■ **Work instructions**
Would you transcribe the lines running from the one that holds "a group of people" to the last line of the records? Leave every picture out.

■ **Study material**
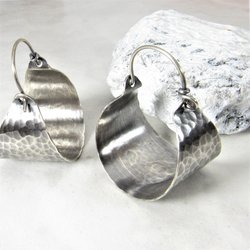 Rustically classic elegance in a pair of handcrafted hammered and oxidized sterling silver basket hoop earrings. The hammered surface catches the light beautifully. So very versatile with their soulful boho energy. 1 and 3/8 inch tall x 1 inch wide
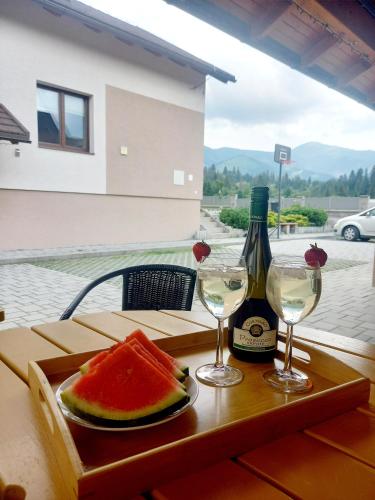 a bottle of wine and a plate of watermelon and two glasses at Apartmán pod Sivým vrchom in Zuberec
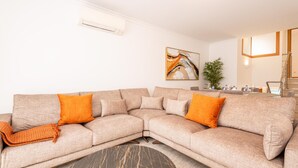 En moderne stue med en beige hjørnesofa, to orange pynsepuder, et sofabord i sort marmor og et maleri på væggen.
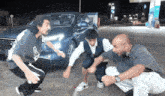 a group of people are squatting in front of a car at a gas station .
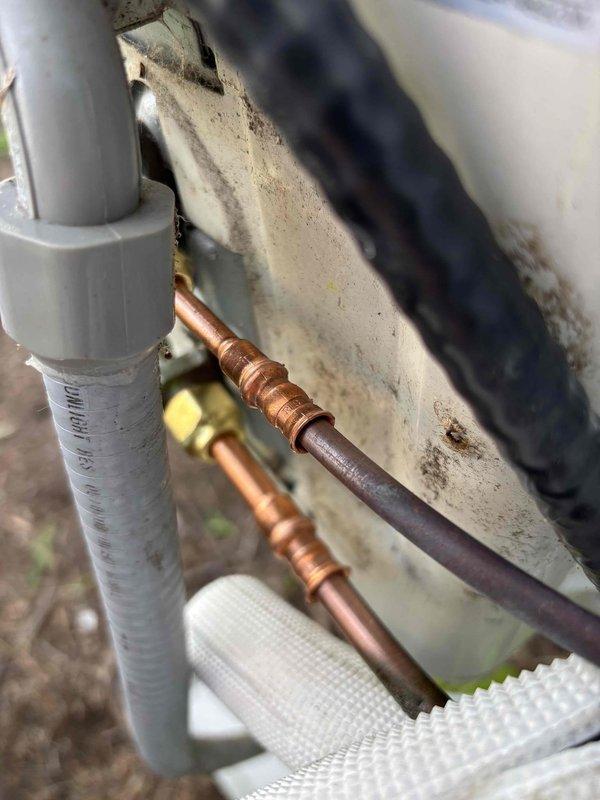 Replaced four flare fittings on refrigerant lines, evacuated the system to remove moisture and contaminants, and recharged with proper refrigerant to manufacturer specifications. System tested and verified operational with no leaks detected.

■ **Reply**
 a group of people are squatting in front of a car at a gas station .
 Replaced four flare fittings on refrigerant lines, evacuated the system to remove moisture and contaminants, and recharged with proper refrigerant to manufacturer specifications. System tested and verified operational with no leaks detected.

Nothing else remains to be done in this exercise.